Her current research interest is focused on designing and synthesis of various organic small molecules, study of photophysical properties of fluorescent molecules and development of fluorescent materials for sensing applications. Synthesis of carborane based biomolecules and dendritic macromolecules and study their anticancer activity in various cancer cell lines.

Selected Publications

  1. B. R. Swain, C. S. Mahanta, B. B. Jena, S. K. Beriha, B. Nayak, R. Satapathy, B. P. Dash, Preparation of dendritic carboranyl glycoconjugates as potential anticancer therapeutics, RSC Advances 2020, 10, 34764-34774.
  2. B. B. Jena, S.R.Jena, C. S. Mahanta, B. R. Swain, L. Samanta, B. P. Dash, R. Satapathy, Triazine-Cored Dendritic Molecules Containing Multiple Carborane Clusters, Appl. Organomet. Chem. 2020, 34, e5754.
  3. C. S. Mahanta, S. Aparna, S.K. Das, B. B. Jena, B. R. Swain, M. Patri, B. P. Dash, R. Satapathy, Star-Shaped Phenylene BODIPY: Synthesis, Properties and Biocompatibility Assessment using Zebrafish, Chemistry Select 2020, 5, 8429-8434.
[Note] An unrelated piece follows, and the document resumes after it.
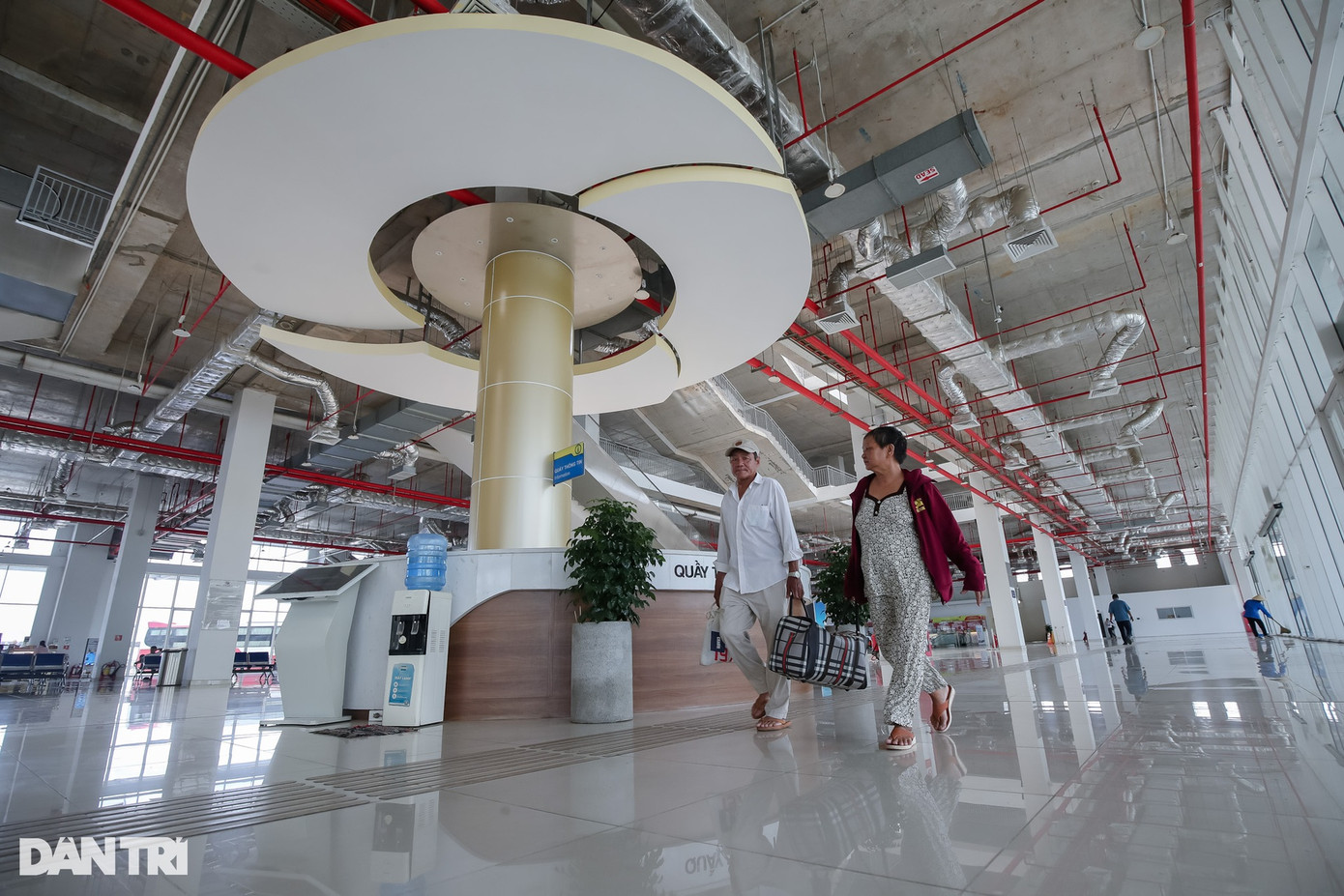 Theo nhiều hành khách, bến xe Miền Đông mới hiện đại, khang trang hơn bến cũ. Tuy nhiên, do nằm cách xa trung tâm khiến họ tốn nhiều thời gian di chuyển và chi phí đi lại cao hơn. Theo nhiều hành khách, bến xe Miền Đông mới hiện đại, khang trang hơn bến cũ. Tuy nhiên, do nằm cách xa trung tâm khiến họ tốn nhiều thời gian di chuyển và chi phí đi lại cao hơn.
  4. B. B. Jena, L. Satish, C. S. Mahanta, B. R. Swain, H. Sahoo, B. P. Dash, R. Satapathy, Interaction of carborane-appended trimer with bovine serum albumin: a spectroscopic investigation, Inorganica Chim. Acta, 2019, 491, 52-58.
  5. C. S. Mahanta, B. P. Dash, R. Satapathy, Cobaltabisdicarbollide Based Metallodendrimers with Cyclotriphosphazene Core, Journal of Organometallic Chemistry. 2018, 865, 183-188.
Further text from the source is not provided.